ALEC is a far-right organization that connects corporate executives to policy makers in order to craft and enact state-by-state legislation that raises corporate profits while stomping on the rights and economic prospects of working families. For instance, ALEC is behind Arizona’s anti-immigrant SB 1070 law and the “Stand Your Ground” law in Florida that helped George Zimmerman to walk free.
At the protest, more than a thousand participants from faith communities, labor unions, environmental groups, immigration groups, and more proclaimed that ALEC corrupts democracy by allowing corporations to – literally – buy a seat at the table with state legislators. Common Cause President Miles Rapoport described the ALEC meeting as “a festival of closed-door deal-making by politicians, corporate executives and lobbyists. They gather to do the public’s business in private, fashioning legislation that undercuts the public interest.”

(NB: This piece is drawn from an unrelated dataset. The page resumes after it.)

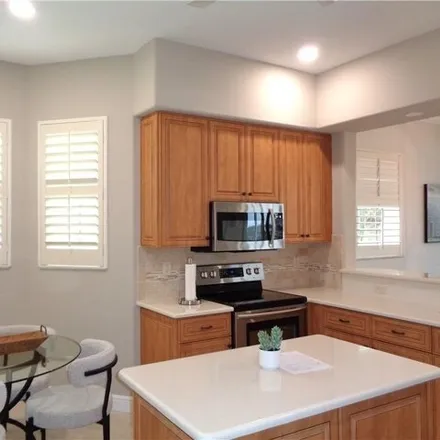 Image 3 - 574 Vintage Reserve Lane, Collier County, FL 34119, USA - Condo for rent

Civil rights leader and People For the American Way board member Dolores Huerta revved up the crowd, telling activists, “The only way we can stop [ALEC] is to go back to our communities, we’ve got to organize. People do not know how perilous this organization is. Let’s say ‘abajo (that means down) con ALEC!’”
After Huerta’s speech, activists – including a Young Elected Official (YEO) with the YEO Network, a project of People For the American Way Foundation – sought out Huerta to introduce themselves and share the work they're doing in their communities.

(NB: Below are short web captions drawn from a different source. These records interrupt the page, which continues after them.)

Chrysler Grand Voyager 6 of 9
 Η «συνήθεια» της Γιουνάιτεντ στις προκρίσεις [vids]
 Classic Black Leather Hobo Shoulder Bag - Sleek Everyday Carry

Activists then walked to the hotel where the ALEC meetings are being held to continue the protest. Huerta and others highlighted the message that Republican presidential candidate Scott Walker – who spoke this morning at the conference – and ALEC are unified in their support for corporations at the expense of working families.
In addition to participating in the rally, PFAW released Spanish- and English-language digital ads criticizing Walker for his alliance with ALEC. The Huffington Post also published an opinion piece yesterday by Huerta that details the anti-immigrant, anti-worker efforts of ALEC and how Walker has a long history of partnering with ALEC.